# Rig Fishing Sept 22/23



## bcahn (Jan 10, 2013)

Hey all,
Saturday was our 33rd wedding anniversary and I proposed to the first lady two options; 
1. A trip to New Orleans, fine dining and a joyful time with family, or
2. Overnight fishing at the oil rigs
My wife is my best friend, we met back in high school. The girl is a tom boy, anything outdoors and she's all over it. No girly crap for her. This is our third boat and 2 were chosen by her, so fishing is a great gift if you can believe it.
Well, this is where the story gets awesome, she chose fishing! WTH :thumbup:
Got the crew and boat together very quickly and by 2pm Thursday we were backing down Sherman Cove's ramp. A quick stop at the Mass for bait fish and south we go! 
Arrived around 5 for trolling around the Petronis(greenish water), only one knockdown and its a small BYT. Setup for jigging till 1am. Threw poppers at few YFT busting but no takers. One toss literally hit a cuda in the head, this guy was pissed he broke surface several times! 
Killed the motors and drifted away to clear sky's and calm seas. The sunset, moon, stars and luminescent where amazing, mamma just sat there enjoying the moment and soaking it all in. 
Back at it just before sun rise, jigged and knocker rigged live bait for more BFT. Headed over to the Marlin to blue water. Lots of marked fish but no takers. Setup a slow troll over to the Beer Can with one knockdown, a freakin shark! 
Around 9 we put away all the gear, cleared the deck and started our trek back north.
What an experience for us, momma can't stop talking about how wonderful being out in blue water is! :yes: 
All in all:
18 nice size BFT
1 big head trigger
1 very large barracuda
1 shark
3 breakoffs
Tripmeter:
216.4 miles
148.2 gals of fuel
18.6 hrs on the motors
23 hrs on the water
Enjoy the pics, video may come soon.


----------



## 301bLLC (Nov 23, 2013)

Nice memories made there Ben!


----------



## Frenchy (Oct 2, 2007)

Nice report Ben, thank you for sharing, refreshing, talk about enjoying the moment and the elements. Congrats on the fish and the wife !!!:thumbup:


----------



## Bodupp (Oct 3, 2007)

Very nice report. You are a blessed man for sure. Congratulations on your anniversary.


----------



## chaps (Aug 31, 2009)

What a great report and more important an awesome weekend with your wife! You two definitely have it figured out. 

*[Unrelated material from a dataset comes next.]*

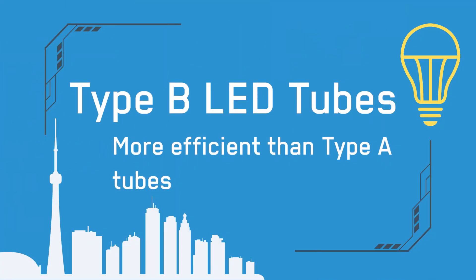To install a type B tube, you do have to remove the ballast, which is a job for a qualified electrician because it's more dangerous. However, type B tubes are more efficient than type A tubes.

BTW the ice machine works perfectly!!!


----------



## jcasey (Oct 12, 2007)

Great job ! Looks like you two did good and you've got a keeper.


----------



## bcahn (Jan 10, 2013)

chaps said:


> What a great report and more important an awesome weekend with your wife! You two definitely have it figured out.
> 
> BTW the ice machine works perfectly!!!


thanks dude, glad the machine still produces!


----------



## bcahn (Jan 10, 2013)

chaps said:


> What a great report and more important an awesome weekend with your wife! You two definitely have it figured out.
> 
> BTW the ice machine works perfectly!!!


thanks dude, glad the machine still produces!


----------